Un plaidoyer contre les cases et les cloisonnements
Halpern critique la tendance à vouloir tout séparer : le privé du professionnel, l’analogique du numérique, l’ancien du nouveau. Selon elle, c’est une vision appauvrissante. Elle invite chacun à accepter l’incertitude, à se confronter à l’inconfort que provoque l’hybridation, car c’est là que naissent les idées neuves.

Une philosophie de la plasticité et de l’invention
Ce qui rend le propos vivant, c’est qu’il ne s’agit pas seulement d’un constat. L’autrice propose une véritable philosophie de la transformation : être centaure, c’est se montrer curieux, capable de se réinventer, de créer des passerelles entre des univers que l’on croyait inconciliables.

Des pistes concrètes pour demain
Enfin, le livre ouvre des perspectives : Comment concevoir des organisations plus flexibles ? Comment former des individus qui sauront naviguer dans la complexité ? Comment éviter que la technique ne se substitue à l’humain, mais au contraire l’enrichisse ?

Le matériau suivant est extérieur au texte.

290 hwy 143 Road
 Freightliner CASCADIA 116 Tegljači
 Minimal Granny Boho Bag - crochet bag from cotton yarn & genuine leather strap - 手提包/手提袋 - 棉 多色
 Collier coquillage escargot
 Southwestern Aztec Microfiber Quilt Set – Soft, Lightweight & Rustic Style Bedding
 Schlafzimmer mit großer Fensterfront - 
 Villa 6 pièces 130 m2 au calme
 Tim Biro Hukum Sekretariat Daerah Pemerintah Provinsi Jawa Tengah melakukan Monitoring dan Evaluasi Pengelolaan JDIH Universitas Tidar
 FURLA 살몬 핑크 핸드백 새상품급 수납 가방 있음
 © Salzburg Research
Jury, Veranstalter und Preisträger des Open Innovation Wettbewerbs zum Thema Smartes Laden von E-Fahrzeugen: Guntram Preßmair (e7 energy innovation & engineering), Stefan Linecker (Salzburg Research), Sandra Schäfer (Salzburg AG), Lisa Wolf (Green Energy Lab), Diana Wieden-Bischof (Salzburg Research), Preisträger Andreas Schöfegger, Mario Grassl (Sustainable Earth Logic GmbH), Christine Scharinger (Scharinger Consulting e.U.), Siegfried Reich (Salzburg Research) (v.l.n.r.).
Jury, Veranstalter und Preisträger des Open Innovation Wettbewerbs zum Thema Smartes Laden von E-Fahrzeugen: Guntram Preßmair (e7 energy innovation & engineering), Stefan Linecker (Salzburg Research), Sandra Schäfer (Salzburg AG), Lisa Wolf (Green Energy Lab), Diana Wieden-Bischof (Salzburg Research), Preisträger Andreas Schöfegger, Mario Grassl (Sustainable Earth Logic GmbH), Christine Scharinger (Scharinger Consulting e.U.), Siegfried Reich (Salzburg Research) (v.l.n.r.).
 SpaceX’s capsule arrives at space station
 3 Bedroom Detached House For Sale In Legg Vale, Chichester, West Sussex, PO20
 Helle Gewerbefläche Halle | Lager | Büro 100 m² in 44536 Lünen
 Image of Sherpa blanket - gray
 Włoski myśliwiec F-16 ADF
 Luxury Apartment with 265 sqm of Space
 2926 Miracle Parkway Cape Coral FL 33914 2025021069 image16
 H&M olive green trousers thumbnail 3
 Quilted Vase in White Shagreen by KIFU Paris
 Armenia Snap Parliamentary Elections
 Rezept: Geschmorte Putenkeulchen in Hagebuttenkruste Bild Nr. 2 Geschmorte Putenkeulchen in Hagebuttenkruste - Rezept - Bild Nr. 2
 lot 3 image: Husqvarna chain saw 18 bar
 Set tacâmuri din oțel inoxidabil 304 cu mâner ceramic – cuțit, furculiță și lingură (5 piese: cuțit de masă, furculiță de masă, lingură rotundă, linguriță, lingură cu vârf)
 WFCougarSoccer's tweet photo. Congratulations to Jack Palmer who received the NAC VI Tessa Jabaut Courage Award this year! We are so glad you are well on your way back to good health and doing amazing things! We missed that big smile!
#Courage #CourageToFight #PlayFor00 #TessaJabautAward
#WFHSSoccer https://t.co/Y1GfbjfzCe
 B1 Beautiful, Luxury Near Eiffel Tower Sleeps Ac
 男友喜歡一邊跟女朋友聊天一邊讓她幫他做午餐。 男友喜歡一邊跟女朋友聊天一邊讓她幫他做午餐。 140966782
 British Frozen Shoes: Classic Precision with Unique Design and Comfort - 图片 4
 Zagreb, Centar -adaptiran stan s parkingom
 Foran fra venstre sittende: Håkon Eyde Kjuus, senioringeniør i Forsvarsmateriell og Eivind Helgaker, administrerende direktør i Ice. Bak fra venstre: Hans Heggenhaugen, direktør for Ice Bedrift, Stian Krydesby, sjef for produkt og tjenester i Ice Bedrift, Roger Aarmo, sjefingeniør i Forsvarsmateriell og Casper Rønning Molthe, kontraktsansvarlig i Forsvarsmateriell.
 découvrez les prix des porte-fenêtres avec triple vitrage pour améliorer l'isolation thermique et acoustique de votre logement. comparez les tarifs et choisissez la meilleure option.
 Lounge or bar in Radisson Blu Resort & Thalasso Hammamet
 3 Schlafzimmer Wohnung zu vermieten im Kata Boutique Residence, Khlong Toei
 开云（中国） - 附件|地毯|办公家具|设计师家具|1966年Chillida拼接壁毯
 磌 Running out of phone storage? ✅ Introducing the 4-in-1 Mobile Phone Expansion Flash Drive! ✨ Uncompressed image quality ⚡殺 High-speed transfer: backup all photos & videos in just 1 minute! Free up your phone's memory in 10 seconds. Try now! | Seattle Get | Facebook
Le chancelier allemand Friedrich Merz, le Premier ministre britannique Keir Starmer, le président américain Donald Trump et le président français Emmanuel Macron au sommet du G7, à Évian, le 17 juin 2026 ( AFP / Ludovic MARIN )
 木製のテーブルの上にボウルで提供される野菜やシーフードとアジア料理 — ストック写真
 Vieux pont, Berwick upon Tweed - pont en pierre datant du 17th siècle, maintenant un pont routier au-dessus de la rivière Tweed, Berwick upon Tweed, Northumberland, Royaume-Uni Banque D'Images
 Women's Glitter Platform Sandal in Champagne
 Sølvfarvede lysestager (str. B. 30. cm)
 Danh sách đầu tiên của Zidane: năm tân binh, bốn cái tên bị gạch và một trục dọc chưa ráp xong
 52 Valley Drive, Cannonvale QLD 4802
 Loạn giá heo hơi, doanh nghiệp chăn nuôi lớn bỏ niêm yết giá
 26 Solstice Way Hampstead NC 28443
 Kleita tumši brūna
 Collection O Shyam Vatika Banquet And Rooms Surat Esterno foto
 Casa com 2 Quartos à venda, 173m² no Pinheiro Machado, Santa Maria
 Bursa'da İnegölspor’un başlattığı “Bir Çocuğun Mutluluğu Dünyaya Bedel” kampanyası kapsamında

En quoi l’éloge de l’hybridation complète la pensée de Morin ?
On pourrait dire que Tous centaures prolonge la pensée complexe en la rendant plus accessible et en la dotant d’une image forte. Le centaure devient un symbole moderne de ce que Morin appelle la dialogique  : « Deux logiques opposées qui non seulement s’affrontent, mais s’associent pour produire une réalité nouvelle. »

En approfondissant le thème de la complexité, on voit combien le livre de Gabrielle Halpern dialogue avec Edgar Morin : tous deux refusent la simplification et la séparation artificielle des savoirs. Tous deux invitent à penser la réalité comme un tissu d’interactions et de contradictions. Tous deux encouragent à cultiver la souplesse intellectuelle et l’inventivité. Si Morin propose une méthode pour « penser la complexité », Halpern offre une métaphore vivante et inspirante pour la vivre : celle du centaure en chacun de nous.

Tous centaures est à la fois un essai philosophique et un guide pour mieux comprendre et habiter le monde qui vient. Gabrielle Halpern y défend une idée simple, mais profonde : l’hybridation n’est pas une faiblesse, c’est une force. Elle est la clé pour inventer des solutions nouvelles et bâtir des sociétés plus ouvertes et plus créatives.

C’est un livre qui encourage à sortir des sentiers battus et à embrasser la complexité avec confiance et curiosité.

Docteur en philosophie, chercheur associée et diplômée de l’École normale supérieure, Gabrielle Halpern a travaillé au sein de plusieurs cabinets ministériels, avant de participer au développement de startups et de conseiller des entreprises et des institutions publiques.